2. Проблема мотива у Гете отвечает современной постановке вопроса о различных модальностях действия.
Проблема модальностей действия в современной теории литературы становится важной в первую очередь в плане сопоставления действия эпического и лирического.
Характерное отличие лирического действия от действия эпического заключается в его принципиально расширенном модальном спектре. Как мы отмечали в предыдущей главе, лирическое действие развертывается не только в рамках действительного, но и в рамках возможного.
Ср. у Гете в стихотворении «Надежда» ([Гете 1977: 46]; пер. М. Лозинского):
Приведи мой труд смиренный,Счастье, к цели вожделенной!Дай управиться с трудами!Да, я вижу верным взглядом:Эти прутья станут садом,Щедрым тенью и плодами.В этом стихотворении модальности действительного вообще нет – но это нисколько не мешает лирическому действию раскрыться в плане модальностей желаемого и воображаемого.
С формальной точки зрения статья Гете посвящена собственно эпической и драматической поэзии, однако теоретический потенциал размышлений классика позволяет включить в их орбиту и вопросы специфики лирического действия как такового.
Мотивы последнего, пятого рода, т. е. «обращенные к будущему, предвосхищающие то, что произойдет в последующие эпохи», развивают в повествовании модальности непрямого действия, модальности возможного. В эпике и драме возможное действие нуждается в определенных фабульных мотивировках, какими могут быть сон героя, его мечтания, предположения, желания и опасения. Лирическое сознание непосредственно в рамках актуального дискурса может переходить от модальности действительного к модальностям возможного.

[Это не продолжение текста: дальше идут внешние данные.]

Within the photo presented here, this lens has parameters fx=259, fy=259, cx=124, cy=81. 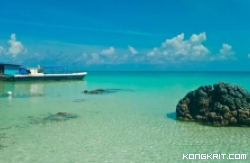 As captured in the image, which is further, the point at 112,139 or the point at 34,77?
the point at 34,77

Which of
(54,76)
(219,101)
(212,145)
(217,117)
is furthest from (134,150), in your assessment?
(54,76)

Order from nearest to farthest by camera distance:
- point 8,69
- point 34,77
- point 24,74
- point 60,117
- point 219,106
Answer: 1. point 219,106
2. point 60,117
3. point 24,74
4. point 34,77
5. point 8,69

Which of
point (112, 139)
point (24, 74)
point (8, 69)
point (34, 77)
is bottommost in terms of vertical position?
point (112, 139)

Обратим внимание еще на один очень важный смысл размышлений Гете по поводу мотивов, «обращенных к будущему». Они помогают поэту, по словам Гете, «сделать свои творения завершенными». Иными словами, мотивы, расширяющие спектр модальностей действия, тем самым в максимальной степени отвечают художественной задаче эстетического завершения героя не просто как «действователя», но и как «вершителя» – в первую очередь своей судьбы.
3. Третий аспект актуализации размышлений Гете о мотивах выводит нас за пределы теории литературного повествования в универсальную сферу семиотики: мотивы у Гете типизированы не в плане семантики, а в плане синтактики.
Господствующим в современной теории мотива выступает семиотический подход «от семантики».